**COLLECTED DATA**
┄┄┄┄┄┄

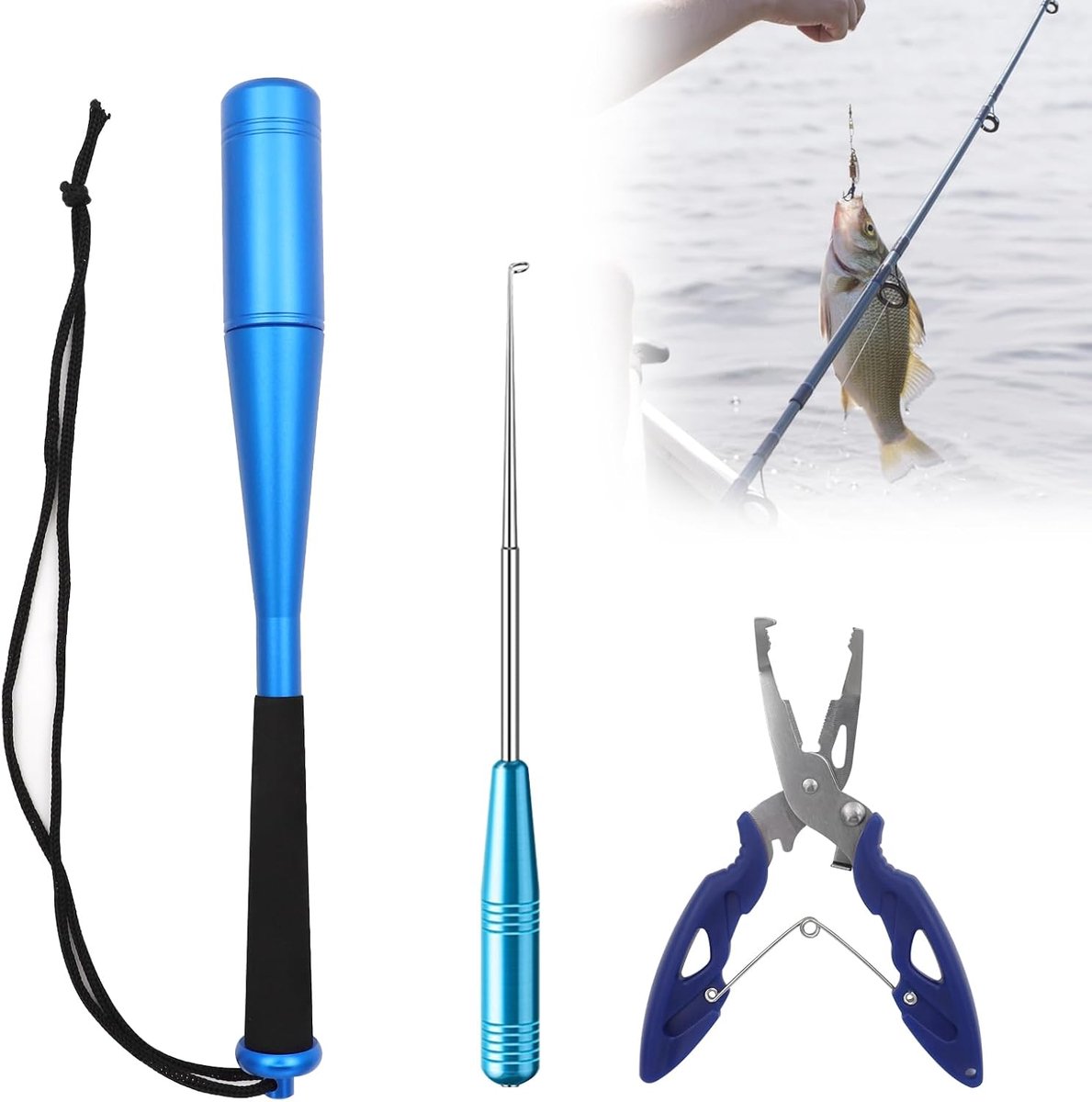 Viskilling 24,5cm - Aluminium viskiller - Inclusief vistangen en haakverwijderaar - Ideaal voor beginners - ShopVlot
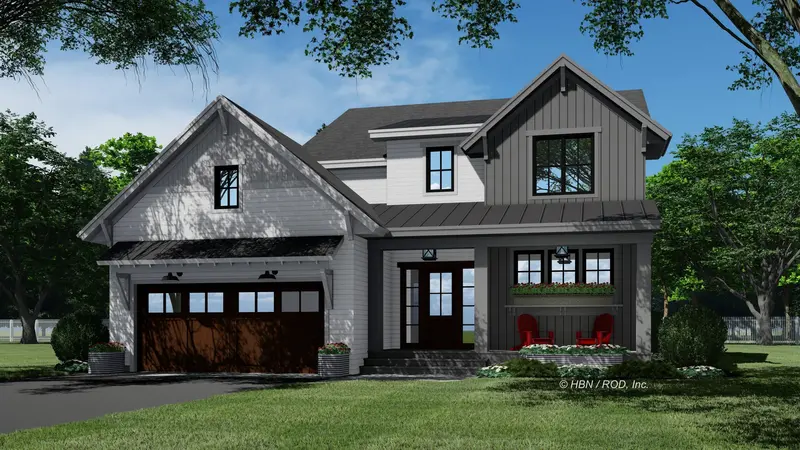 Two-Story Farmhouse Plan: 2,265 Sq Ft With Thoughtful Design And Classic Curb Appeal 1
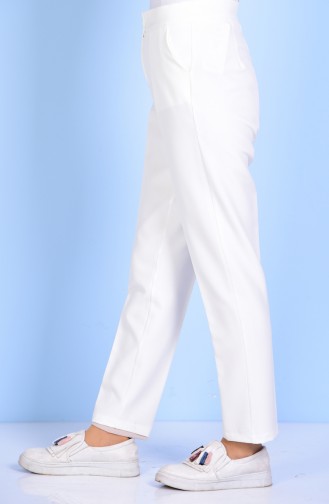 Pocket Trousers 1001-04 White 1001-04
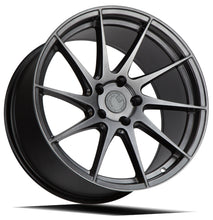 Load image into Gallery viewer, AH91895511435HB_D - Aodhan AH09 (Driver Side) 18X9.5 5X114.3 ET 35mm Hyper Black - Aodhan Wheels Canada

┄┄┄┄┄┄

Copy only this, please: the line with "Pocket Trousers 1001-04 White 1001-04" and every line after it through the end of the data, with no pictures.

 Pocket Trousers 1001-04 White 1001-04
 Load image into Gallery viewer, AH91895511435HB_D - Aodhan AH09 (Driver Side) 18X9.5 5X114.3 ET 35mm Hyper Black - Aodhan Wheels Canada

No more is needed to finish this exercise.